Saturday, June 30, 2007

Disgrace by J. M. Coetzee

Title: Disgrace
Author: J. M. Coetzee

ISBN # 0099289520

Publisher: Vintage

First Published: 1999

220 pages

Format: Paperback

Rating: 6/10

A divorced, middle-aged English professor finds himself increasingly unable to resist affairs with his female students. After an impulsive affair with his student sours, and having been discovered by the college authorities, he is expected to apologize to save his job, but instead he refuses and resigns, retiring to live with his daughter on her remote farm. For a time, his daughter's influence and the natural rhythms of the farm promise to
harmonise his discordant life. He and Lucy become victims of a disturbing attack which brings into relief all their fault lines.

Bit of an odd one this - the story didn't really seem to have a point to it, but it illustrated some of the dangers that people live with every day in countries of conflict while trying to get on with their day to day lives. I did enjoy it, but I can't really put my finger on why.

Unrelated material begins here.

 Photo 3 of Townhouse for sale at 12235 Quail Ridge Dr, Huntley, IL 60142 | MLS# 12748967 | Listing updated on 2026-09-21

There were moments where I rather enjoyed reading it, but those were heavily outweighed by the moments where I felt bored out of my scull. None of the characters seems to have any redeeming features and I couldn’t bring myself to actually care much about any of them of their situations. It all seemed very humdrum and as the winner of the 1999 Booker Prize, I feel it reinforces the idea that prize-winning books are generally dry and a little “worthy”, but not so appealing to readers in general, which is a shame, because then the truly wonderful books that won prizes get tarred with the same brush.

I felt that this was severely lacking in anything that would provide an enjoyment of reading it and it inspired nothing much more than a feeling of lethargy as I plodded through the pages. Coetzee is not an author I would want to revisit in the future.